From working capital to equipment financing to revenue-based funding — Ahura Ventures structures capital around your business model, not a rigid product menu.
Working capital is the lifeblood of daily operations. Whether you're managing a seasonal revenue gap, funding inventory for a large purchase order, or covering payroll during a slow month — Ahura Ventures provides direct access to the operational capital your business needs.
Our working capital loans are structured to match your business cycle, not the other way around. We analyze your revenue patterns and structure repayment in a way that works with your cash flow.
Acquiring equipment through financing allows your business to deploy the machinery, technology, and assets it needs without depleting working capital. Ahura Ventures finances equipment across all industries and asset categories.

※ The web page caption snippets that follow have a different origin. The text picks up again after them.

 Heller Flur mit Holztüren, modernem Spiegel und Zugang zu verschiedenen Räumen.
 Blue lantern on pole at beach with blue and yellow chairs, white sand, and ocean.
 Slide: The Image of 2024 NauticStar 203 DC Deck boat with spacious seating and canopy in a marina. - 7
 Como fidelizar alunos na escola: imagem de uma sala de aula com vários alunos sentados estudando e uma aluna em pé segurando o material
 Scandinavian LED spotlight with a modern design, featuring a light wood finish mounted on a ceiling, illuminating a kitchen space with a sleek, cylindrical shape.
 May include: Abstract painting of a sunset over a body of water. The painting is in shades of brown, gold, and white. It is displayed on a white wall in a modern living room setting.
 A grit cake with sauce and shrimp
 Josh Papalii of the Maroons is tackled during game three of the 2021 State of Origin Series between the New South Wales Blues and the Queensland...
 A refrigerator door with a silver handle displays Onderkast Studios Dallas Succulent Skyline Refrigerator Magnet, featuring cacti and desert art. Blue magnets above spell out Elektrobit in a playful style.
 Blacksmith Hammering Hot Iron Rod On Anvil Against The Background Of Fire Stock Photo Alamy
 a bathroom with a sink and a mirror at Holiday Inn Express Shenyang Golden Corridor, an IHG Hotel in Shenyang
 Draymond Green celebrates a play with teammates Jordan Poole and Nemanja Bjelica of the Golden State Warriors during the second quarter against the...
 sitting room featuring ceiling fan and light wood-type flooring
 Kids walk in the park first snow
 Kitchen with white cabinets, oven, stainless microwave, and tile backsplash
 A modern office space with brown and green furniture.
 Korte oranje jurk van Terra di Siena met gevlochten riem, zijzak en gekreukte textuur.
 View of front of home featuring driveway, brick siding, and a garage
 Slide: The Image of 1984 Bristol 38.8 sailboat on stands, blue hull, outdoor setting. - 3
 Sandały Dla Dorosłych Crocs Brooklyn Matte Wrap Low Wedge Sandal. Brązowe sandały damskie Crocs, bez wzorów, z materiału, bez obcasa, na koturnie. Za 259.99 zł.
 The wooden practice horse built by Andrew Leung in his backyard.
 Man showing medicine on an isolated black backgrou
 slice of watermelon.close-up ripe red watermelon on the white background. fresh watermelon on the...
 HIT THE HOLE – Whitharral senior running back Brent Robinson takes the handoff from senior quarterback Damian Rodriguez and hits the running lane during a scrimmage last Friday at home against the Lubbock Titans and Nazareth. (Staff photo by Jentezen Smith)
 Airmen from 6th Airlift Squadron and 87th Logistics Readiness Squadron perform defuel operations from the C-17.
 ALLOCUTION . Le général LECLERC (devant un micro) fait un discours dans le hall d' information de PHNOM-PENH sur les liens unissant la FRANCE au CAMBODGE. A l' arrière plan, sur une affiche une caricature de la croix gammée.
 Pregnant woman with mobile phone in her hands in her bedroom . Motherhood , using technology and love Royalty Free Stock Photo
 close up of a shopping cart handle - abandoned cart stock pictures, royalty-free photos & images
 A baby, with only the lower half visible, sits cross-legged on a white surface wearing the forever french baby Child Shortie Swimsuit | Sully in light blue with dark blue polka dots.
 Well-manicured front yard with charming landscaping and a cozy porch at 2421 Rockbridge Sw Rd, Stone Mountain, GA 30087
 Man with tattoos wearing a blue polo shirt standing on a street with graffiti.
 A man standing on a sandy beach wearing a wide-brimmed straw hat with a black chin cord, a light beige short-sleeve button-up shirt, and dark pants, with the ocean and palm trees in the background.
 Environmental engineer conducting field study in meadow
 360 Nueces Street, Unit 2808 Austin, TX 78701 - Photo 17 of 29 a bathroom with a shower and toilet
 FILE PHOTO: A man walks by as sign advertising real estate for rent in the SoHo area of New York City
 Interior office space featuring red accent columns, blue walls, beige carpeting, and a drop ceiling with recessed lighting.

Equipment financing is secured by the asset itself, which often allows for more favorable structures than unsecured working capital. This makes it one of the most efficient tools for capital deployment available to business owners.
Revenue-based financing provides capital today in exchange for a fixed percentage of future revenue. Unlike fixed-payment loans, repayment scales with your monthly performance — when revenue is strong, you repay faster; during slower months, you repay less.
This structure is particularly well-suited to businesses with strong but variable revenue streams: restaurants, retail, e-commerce, seasonal businesses, and B2B service companies with recurring contracts.
A revolving line of credit gives your business on-demand access to capital — draw what you need, when you need it, and repay as your cash flow allows. Interest accrues only on the outstanding balance.
Lines of credit are ideal for businesses that face recurring but unpredictable capital needs: covering payroll between large contracts, purchasing opportunistic inventory, managing vendor payment timing, or simply maintaining a financial buffer against uncertainty.